◆ Data to use:
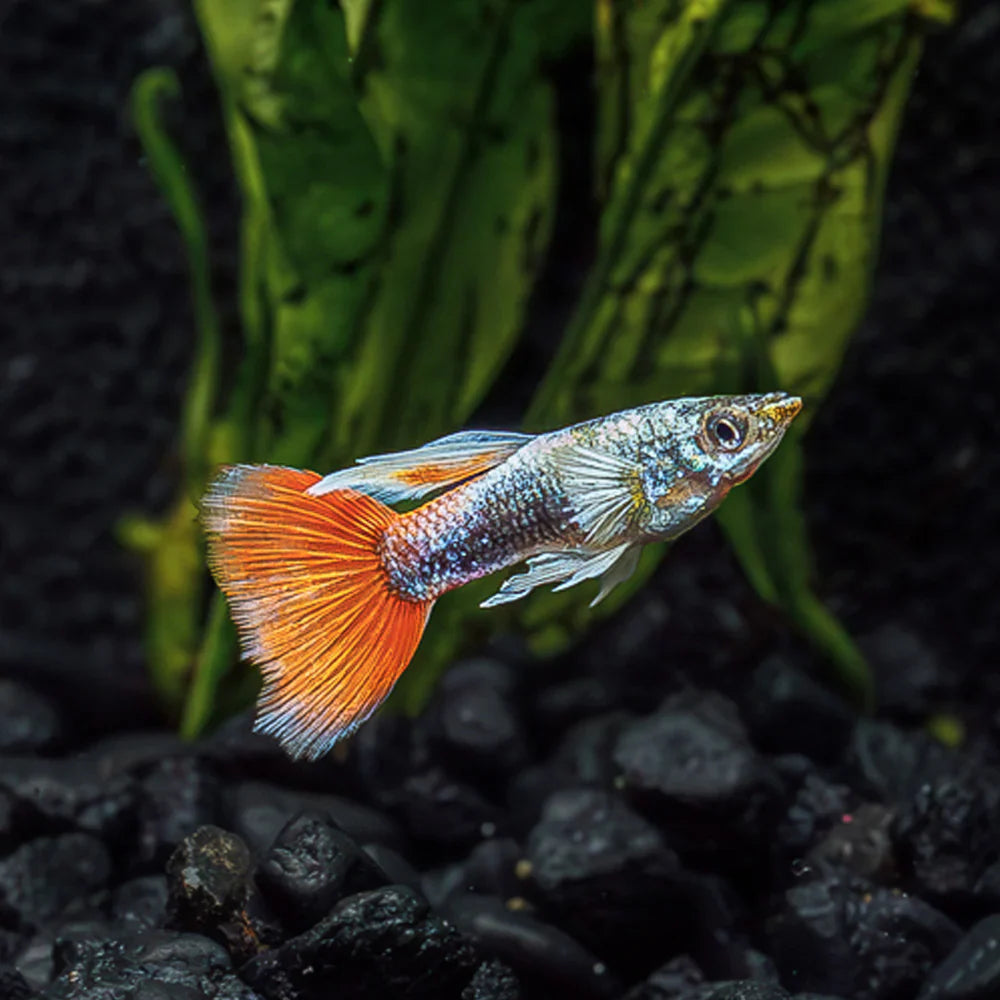 Santa Claus Dumbo Guppy Male product photo 1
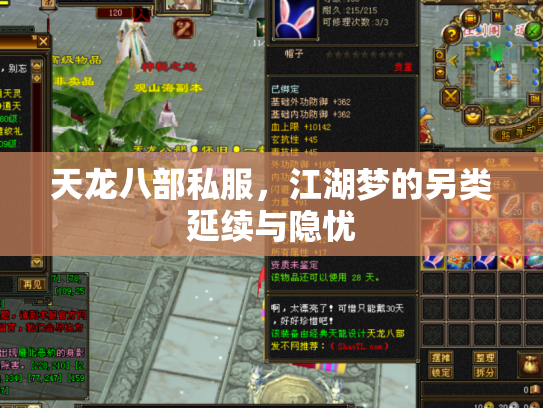 天龙八部私服，江湖梦的另类延续与隐忧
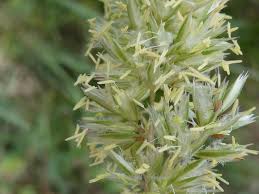 Image result for Koeleria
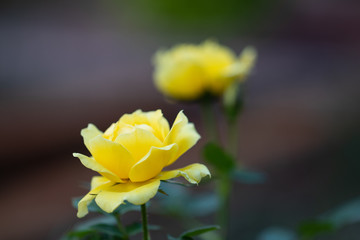 yellow flower with one behind it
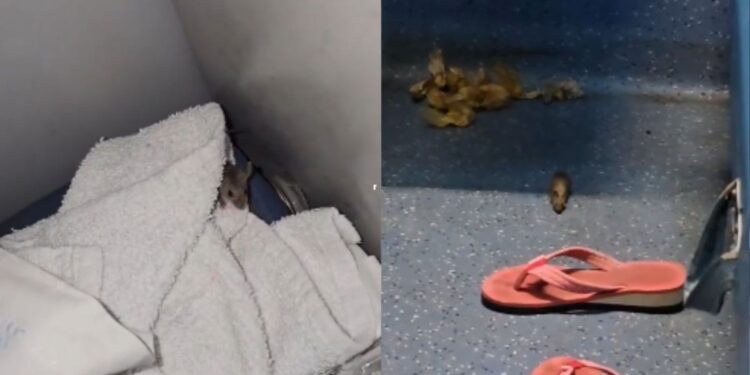 Passenger Pays ₹2,000 for AC Ticket, Finds Rats Crawling in Coach on South Bihar Express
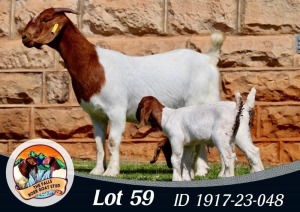 1+2X BOER GOAT STUD 39-243 DOE THE FALLS BOERGOAT STUD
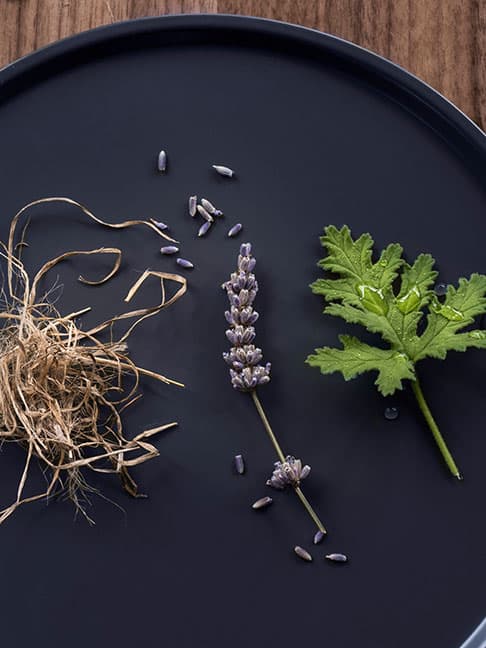 Lavender sprigs, exposed roots and a green leaf are arranged on a dark tray, highlighting botanical details and textures.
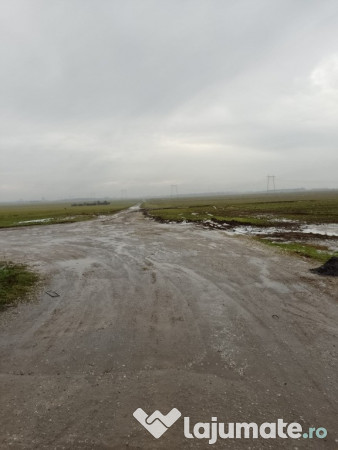 Oraș Popești-Leordeni, teren, zona industriala cu utilitati!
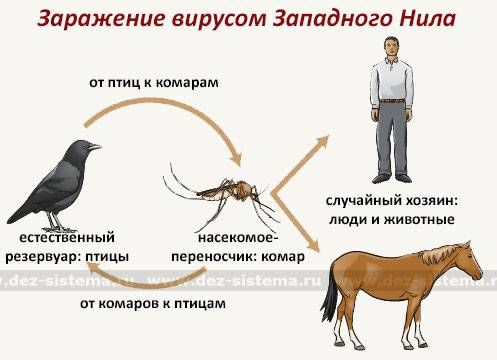 Будьте осторожны!  комары – переносчики лихорадки западного нила! — краснолучское сельское поселение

◆ Your goal:
The expected output is the lines from the line that contains "yellow flower with one behind it" through the last line of the material, reproduced exactly, with both ends present and pictures absent.

◆ Response to the exercise:
 yellow flower with one behind it
 Passenger Pays ₹2,000 for AC Ticket, Finds Rats Crawling in Coach on South Bihar Express
 1+2X BOER GOAT STUD 39-243 DOE THE FALLS BOERGOAT STUD
 Lavender sprigs, exposed roots and a green leaf are arranged on a dark tray, highlighting botanical details and textures.
 Oraș Popești-Leordeni, teren, zona industriala cu utilitati!
 Будьте осторожны!  комары – переносчики лихорадки западного нила! — краснолучское сельское поселение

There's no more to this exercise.